[Captioned web image data]
==========

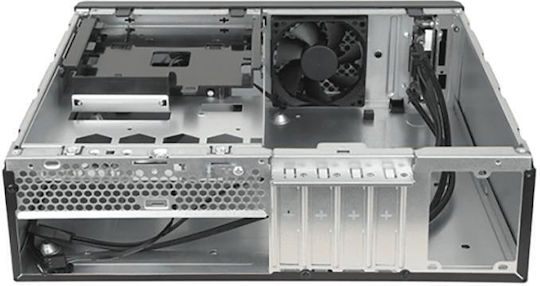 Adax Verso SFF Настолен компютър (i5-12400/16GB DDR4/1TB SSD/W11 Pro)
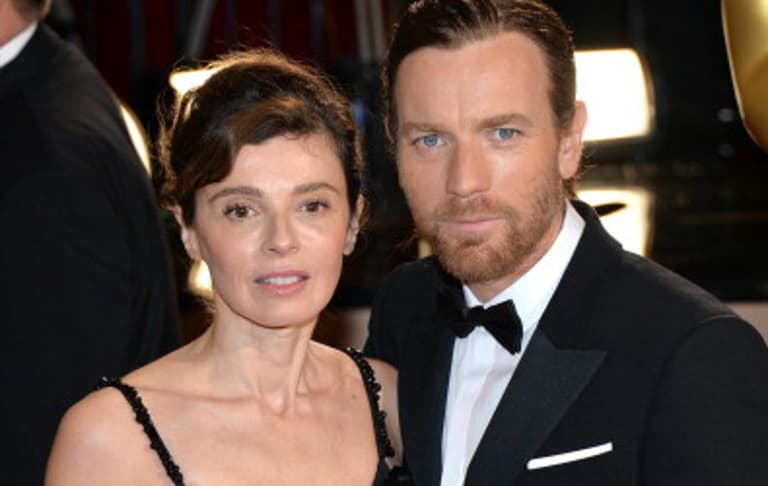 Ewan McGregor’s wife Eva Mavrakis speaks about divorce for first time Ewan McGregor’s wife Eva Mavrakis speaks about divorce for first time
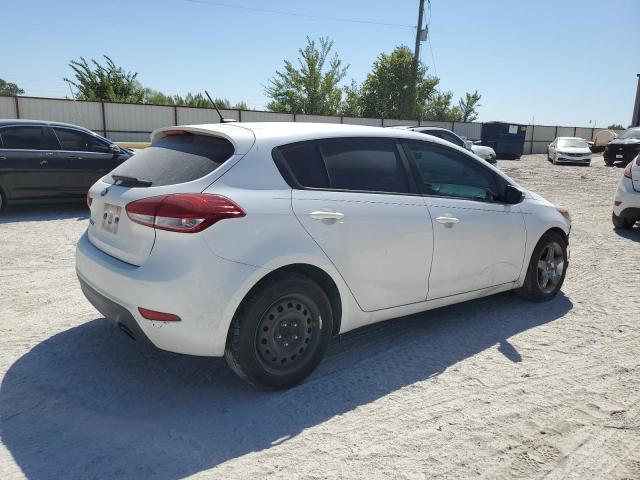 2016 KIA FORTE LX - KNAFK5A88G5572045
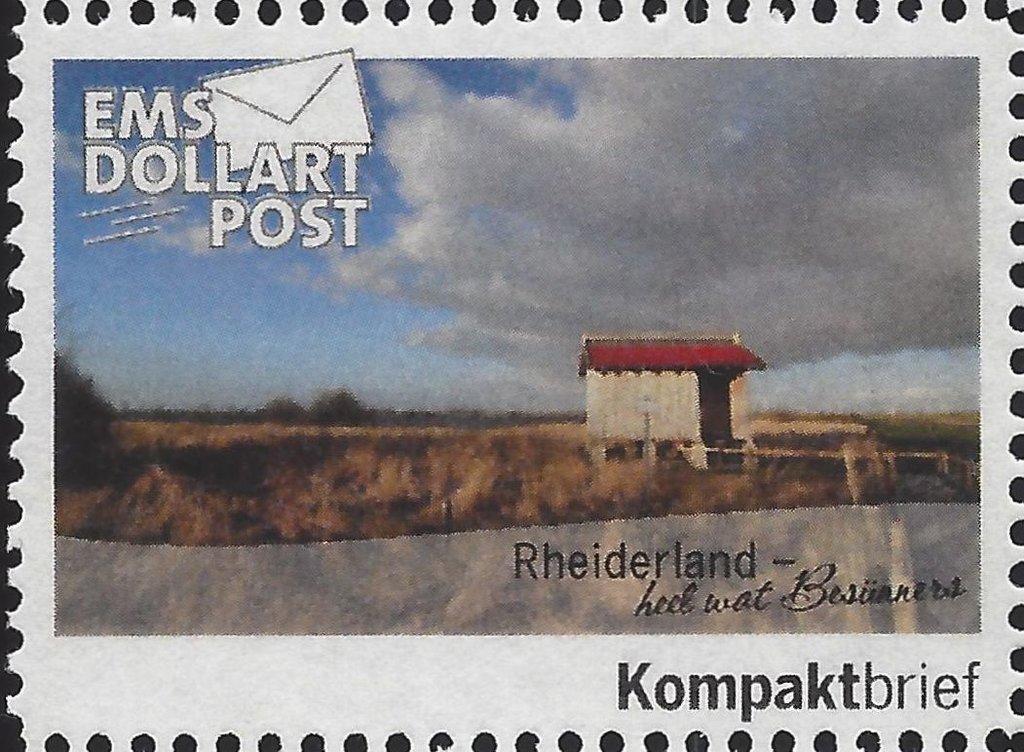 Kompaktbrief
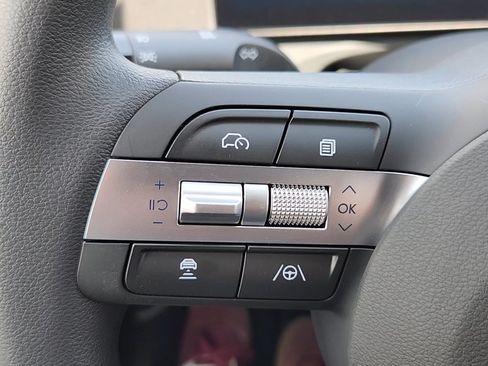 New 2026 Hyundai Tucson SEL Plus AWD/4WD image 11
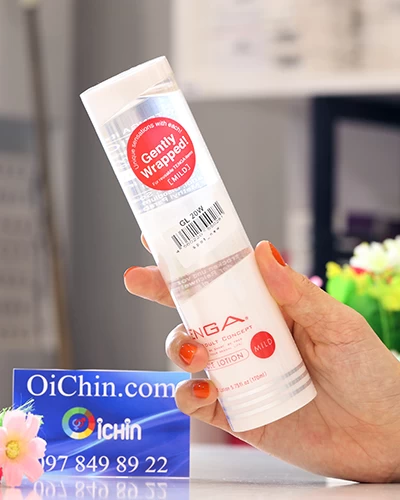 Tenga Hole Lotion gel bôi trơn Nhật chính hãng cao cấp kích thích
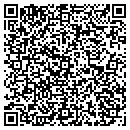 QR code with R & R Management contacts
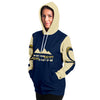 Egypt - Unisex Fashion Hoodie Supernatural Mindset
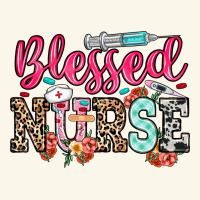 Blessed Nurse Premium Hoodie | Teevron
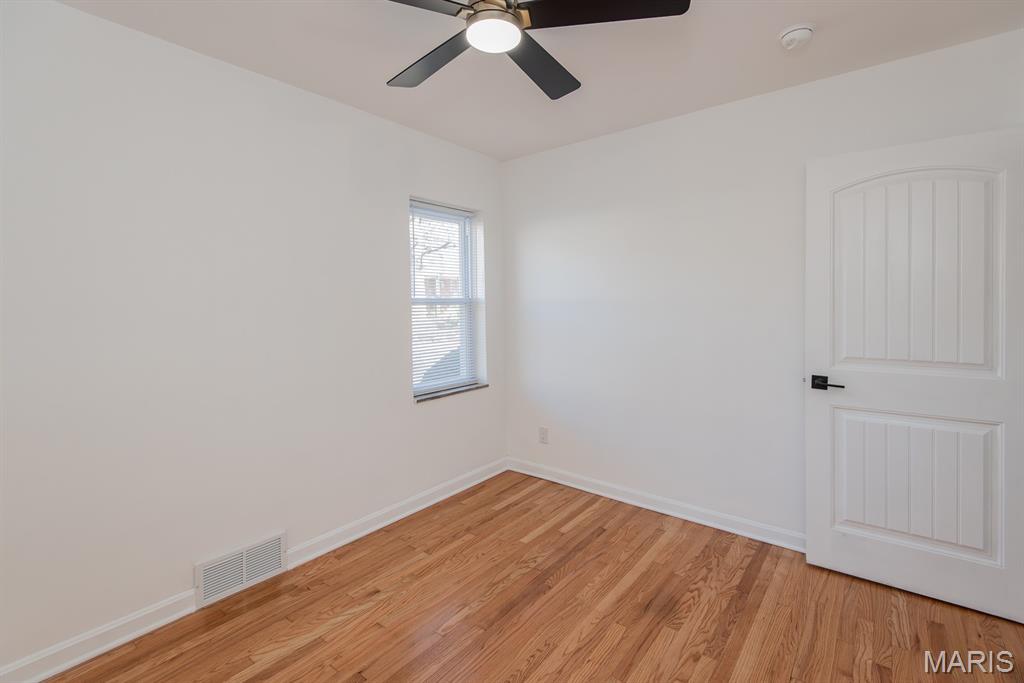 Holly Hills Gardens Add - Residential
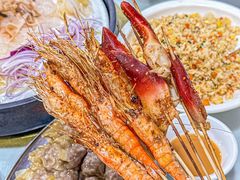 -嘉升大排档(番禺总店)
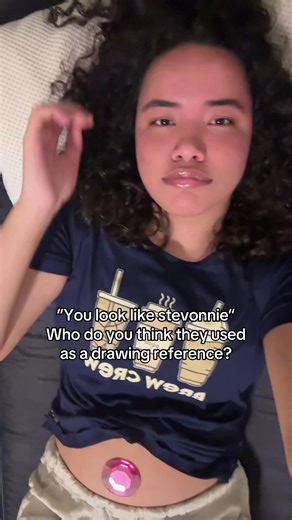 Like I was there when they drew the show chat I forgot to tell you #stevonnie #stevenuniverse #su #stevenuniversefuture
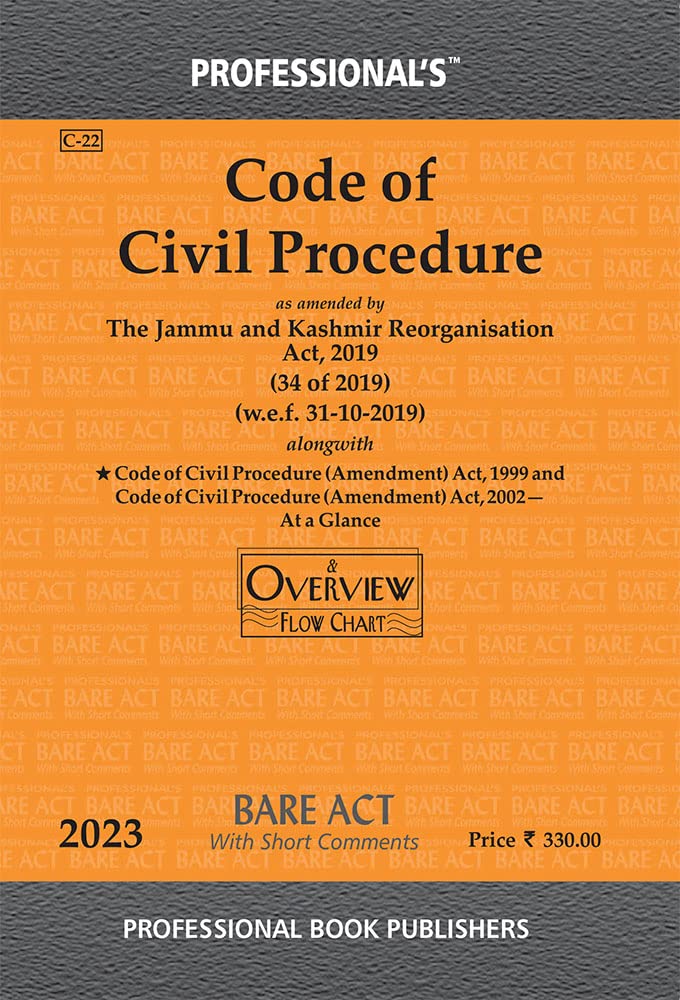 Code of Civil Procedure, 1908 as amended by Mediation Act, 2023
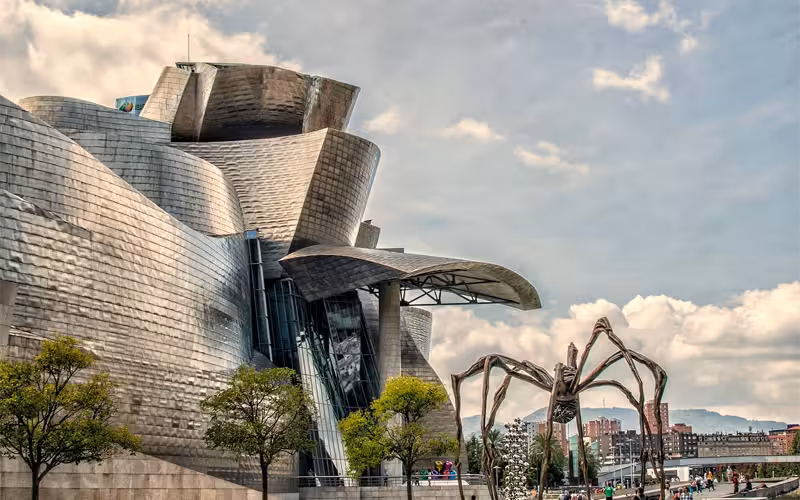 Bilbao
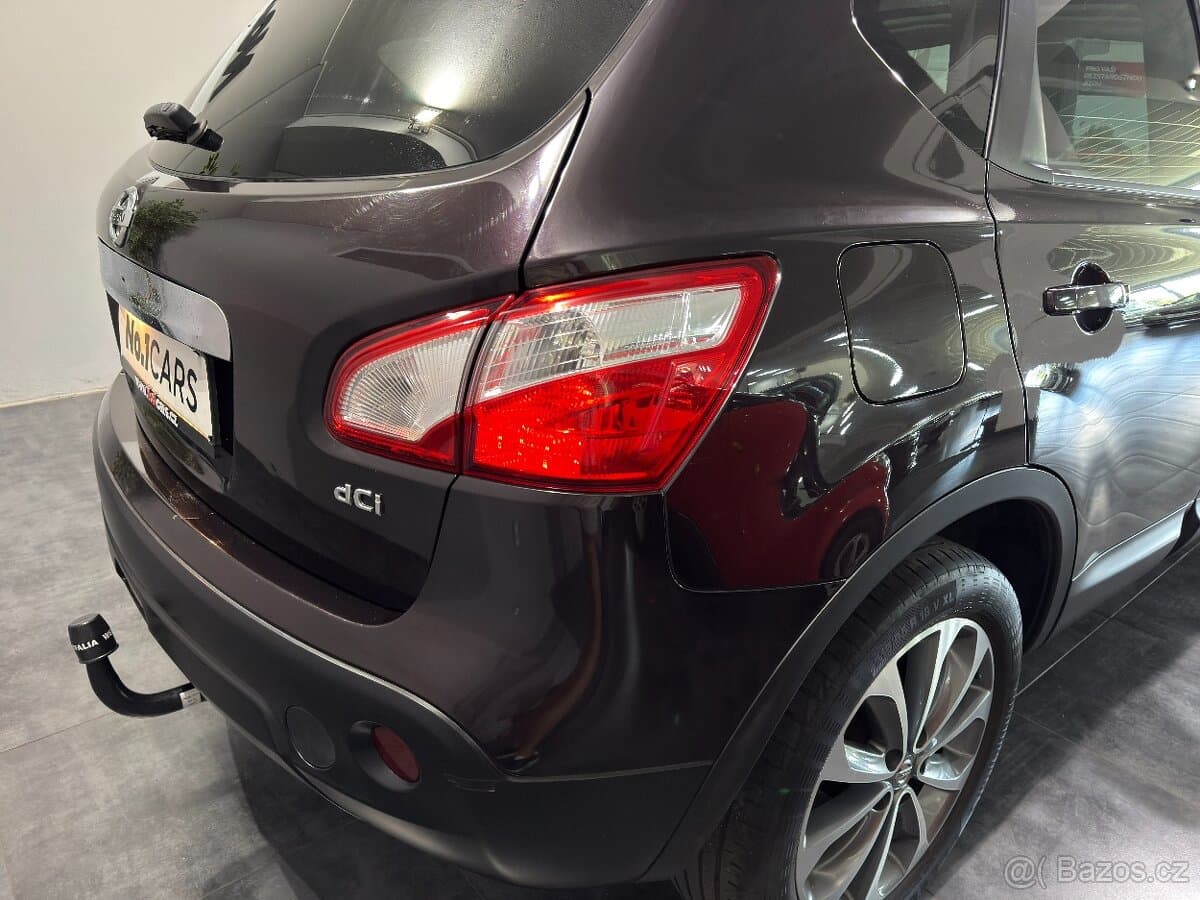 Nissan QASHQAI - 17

==========

■ **The task**: The result should be a word-for-word restatement of all the data, without images.

■ **Task output**:
 Adax Verso SFF Настолен компютър (i5-12400/16GB DDR4/1TB SSD/W11 Pro)
 Ewan McGregor’s wife Eva Mavrakis speaks about divorce for first time Ewan McGregor’s wife Eva Mavrakis speaks about divorce for first time
 2016 KIA FORTE LX - KNAFK5A88G5572045
 Kompaktbrief
 New 2026 Hyundai Tucson SEL Plus AWD/4WD image 11
 Tenga Hole Lotion gel bôi trơn Nhật chính hãng cao cấp kích thích
 QR code with R & R Management contacts
 Egypt - Unisex Fashion Hoodie Supernatural Mindset
 Blessed Nurse Premium Hoodie | Teevron
 Holly Hills Gardens Add - Residential
 -嘉升大排档(番禺总店)
 Like I was there when they drew the show chat I forgot to tell you #stevonnie #stevenuniverse #su #stevenuniversefuture
 Code of Civil Procedure, 1908 as amended by Mediation Act, 2023
 Bilbao
 Nissan QASHQAI - 17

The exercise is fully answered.